The problem with people to whom trad is a means to an end of personal gratification or bolstering a hollow Stepford Wife-fantasy of marriage is that they are not extending “trad” into traditional values.
They may play the part superficially, but they ultimately do not adhere to the Christian social values as we understand our traditional values to be.
These externally-oriented values — as starkly opposed to the self-oriented paradigm of contemporary postmodern understanding of life — holds both men and women accountable to the higher calling of marriage and family, involving self-sacrifice, individual responsibility, and social accountability.
The “trad” part isn’t the issue; the distorted modern re-interpretation of it is. “Trad” culture is a reaction to radical feminism and so when one is building upon feminist fallacies about traditional values, you’re sure to miss the mark.
Yet since the movement is overwhelmingly defined by a desire to return to the traditional ideal for the family unit, we must concede it is simply not just about being a housewife and not just a matter of personal choice.
The “trad” movement necessarily includes both men and women who are defying the depraved sexual values of postmodern culture. We look at the landscape of government, corporatism, and entertainment culture and seek to break free from the hold these things have on social and family values. This is what defines “trad.” This is a lofty aim.
And this is why I continue to support “trad.”
So, I’ve said it before and I will say it again, and hopefully you will echo this in your own immediate circles on my behalf:
Traditional values are not mere empty esthetic values. Trad culture is not an empty, shallow movement. It is the growing voice of a generation that is fed up with the postmodern values that have so obviously wreaked so much havoc on marriages, families, and society as a whole.
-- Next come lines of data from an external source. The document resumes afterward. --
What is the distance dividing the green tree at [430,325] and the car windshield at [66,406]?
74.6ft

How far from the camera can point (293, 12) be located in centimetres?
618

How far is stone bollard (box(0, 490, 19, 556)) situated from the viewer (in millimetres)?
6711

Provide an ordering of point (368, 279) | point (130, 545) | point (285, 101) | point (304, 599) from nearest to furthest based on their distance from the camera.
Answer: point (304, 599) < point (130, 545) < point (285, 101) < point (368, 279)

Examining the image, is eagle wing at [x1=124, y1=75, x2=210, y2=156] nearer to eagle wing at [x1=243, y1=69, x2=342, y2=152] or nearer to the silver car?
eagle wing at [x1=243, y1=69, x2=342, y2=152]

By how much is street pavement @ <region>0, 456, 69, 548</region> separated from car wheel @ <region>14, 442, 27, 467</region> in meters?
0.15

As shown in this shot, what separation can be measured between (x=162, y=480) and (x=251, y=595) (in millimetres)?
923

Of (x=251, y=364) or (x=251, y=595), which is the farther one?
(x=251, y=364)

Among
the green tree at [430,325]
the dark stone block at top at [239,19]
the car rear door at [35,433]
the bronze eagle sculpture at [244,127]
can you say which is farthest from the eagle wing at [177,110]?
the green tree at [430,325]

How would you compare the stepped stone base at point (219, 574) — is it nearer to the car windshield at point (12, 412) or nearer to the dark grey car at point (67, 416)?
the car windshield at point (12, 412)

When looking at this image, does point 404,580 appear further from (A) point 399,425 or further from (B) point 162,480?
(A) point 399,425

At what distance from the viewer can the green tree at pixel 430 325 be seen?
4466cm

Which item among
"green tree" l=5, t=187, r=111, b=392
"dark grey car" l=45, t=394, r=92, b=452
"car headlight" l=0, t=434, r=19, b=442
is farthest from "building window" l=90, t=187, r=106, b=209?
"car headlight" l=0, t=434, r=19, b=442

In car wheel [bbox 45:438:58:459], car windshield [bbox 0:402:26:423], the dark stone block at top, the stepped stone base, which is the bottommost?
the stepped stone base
The prevalence of classical feminine fashion, slow living and a simpler lifestyle, baking from scratch, drinking raw milk, eating sourdough, homesteading, and homeschooling is not a mere trend, nor hardly a coincidence. There is a theme here, and it is no superficial or shallow one.
Wives and mothers, husbands and fathers in this day and age, many of whom were reared in and harmed by the Sexual Revolution, desire and are pursuing a life that reflects their values of classical Christian morality, self-reliance, and social cohesion.
You most certainly do not need the idyllic setting or fashion sense to pursue these values.
But please do not diminish our values to something as shallow as what looks good on Instagram.
👏🏻👏🏻👏🏻 YES!!! As always, you get to the heart of the matter.
I have a friend in Florida who lives in a large apartment building with her husband and three children that I would consider "trad" because her family and moral values reflect it. She doesn't homestead for obvious reasons, and she doesn't wear dresses or bake sourdough. 😄 But like you said, IT ISN'T AN ESTHETIC!!! Would she love to have land one day where she can raise some of their own food? Yes! She's told me she would. But she is rocking the "trad" lifestyle because she holds very strong traditional values.
I think you may be confusing people who have “traditional values” (Christian values) and those who define themselves (and call themselves!) as “Trad” and also play the part in an online setting. In the case of the first, it *does not look a certain way.* In the case of the second, it *absolutely* is all about the aesthetics, and if you don’t adhere to whatever the current definition of what “trad” *looks like* then you’re out of the club. It’s so easy to see through that it’s laughable.
It gets murky though because some of the people who are focusing on the *look* (aesthetic) of traditional values may also adhere to the *actual* values themselves, and may even believe that you cannot have one without the other. So. I think it’s important to distinguish that the actuality of traditional values has very little to do with the “trad” aesthetics that we see pushed in our ever-increasingly visual online world today.